I went to a cinema screening of the pilot episode of The Walking Dead here in Glasgow, and it was AMAZING! Well worth the wait, and it more than lived up to the hype.
Right from the opening, I was hooked, and knew this was going to be great. That cold open, with the loooong single shot instantly set the atmosphere of the piece, sacrificing the jump cuts that one might have expected them to use for easy scares in favor of building up this slow, squirming sense of dread as Rick’s surroundings become increasingly nightmarish, culminating with the reveal of the zombie girl.
It was a technique that was effectively reused again later in the episode, both in the hospital and outside – as we pan from the (literal!) truckloads of bodies to the chaos on the streets. What impressed me is that I knew everything that would happen in the episode – really, you could apply that “Iron Man trailer to be adapted into a film” skit perfectly to this pilot episode, and even before that I’d read the comic – but I still managed to get drawn into the sphincter-curling tension of scenes like the stairwell, with the light constantly going out and casting Rick into darkness, or the claustrophobic panic of Rick caught underneath the tank with zombies crawling in after him from all sides.
So yes, more than anything, I’d say this pilot episode was a triumph of direction – masterfully paced, beautifully shot. And fantastically minimal in its sound design, too. For all the excitement generated in some quarters over Bear McCreery doing the score, there is very little non-diagetic music here, with our soundtrack instead eerie ambient noise and distant groans that immerse us in this world. Of course, because it’s used comparitively rarely, when McCreery’s score does kick in, it really packs an added emotional wallop into the intercutting scenes of Rick’s mercy kill of the mangled zombie and Morgan trying to kill his zombie wife – in my opinion, the highlight of the episode. In the screening, you could have heard a pin drop when that sequence was done.
And that’s the best point to bring up the performances. Andrew Lincoln is great as Rick Grimes, but it’s a difficult role he’s playing. Rick here is very much a protagonist in the mould of his AMC stablemates Don Draper and Walter White: we can sympathise with them, but have difficulty fully understanding them, kept at a kind of arm’s length even at their most intimite moments and therefore unable to really get into their head and grasp what’s going on in there.
While in the comics we’ve barely known Rick a couple of panels before he’s shot and put into a coma (a nice twist on that scene here to further subvert our expectations, by the way), here we get a nice little prologue to that in a conversation with his partner, Shane. This set up an interesting dynamic, I thought, where it’s ironically Shane who seems the warmer and more likeable of the two, the one who you suspect would turn out to be the hero in a typical zombie film. Rick is colder, more distant, and talks about his wife viewing him as uncommunicative, angry and even uncaring, though he doesn’t know why. We sense that, even before the world he knew ended, there was an inkling of darkness residing within the essentially decent Rick.
Once Rick wakes up though, we’re thoroughly drawn into his plight, Lincoln handling his growing sense of horror in a way that feels believable and true-to-life. Through him, we discover the well-worn zombie genre all over again. And I think there’s a lot of room for growth here, as Rick experiences more and, eventually, begins to fall apart. Already – such as the moment near the end where he briefly contemplates suicide – we’re starting to see the cracks.

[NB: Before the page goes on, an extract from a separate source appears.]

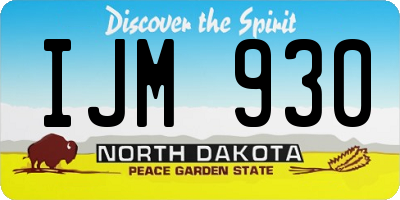 ND license plate IJM930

But as impressive as Andrew Lincoln was, I think the standout performance here belonged to long-underrated British actor Lennie James, bringing heartbreaking humanity to Morgan. He could have easily gone melodramatic with the material, but by underplaying his grief, only letting it out in agonised bursts, it feels all the more real and painful. I really hope that, like in the comics, we get to see Morgan again in the future.
The rest of the cast I can’t really comment on. We need more time to get into those performances before I can really talk about who is making the biggest impact on me. And really, that’s perhaps the most exciting thing of all about this pilot – masterfully crafted and convincingly performed as it is, you get the sense we’re only just scratching the surface, and the real meat of the series is yet to come.
AMC, just go ahead and greenlight Season 2 already. If the rest of season 1 is remotely as good as this, you’ve got a surefire hit on your hands. Cinematic, atmospheric, with the perfect blend of horror and drama that makes it a worthy adaptation that does justice to – and maybe even improves upon – Robert Kirkman’s excellent source material.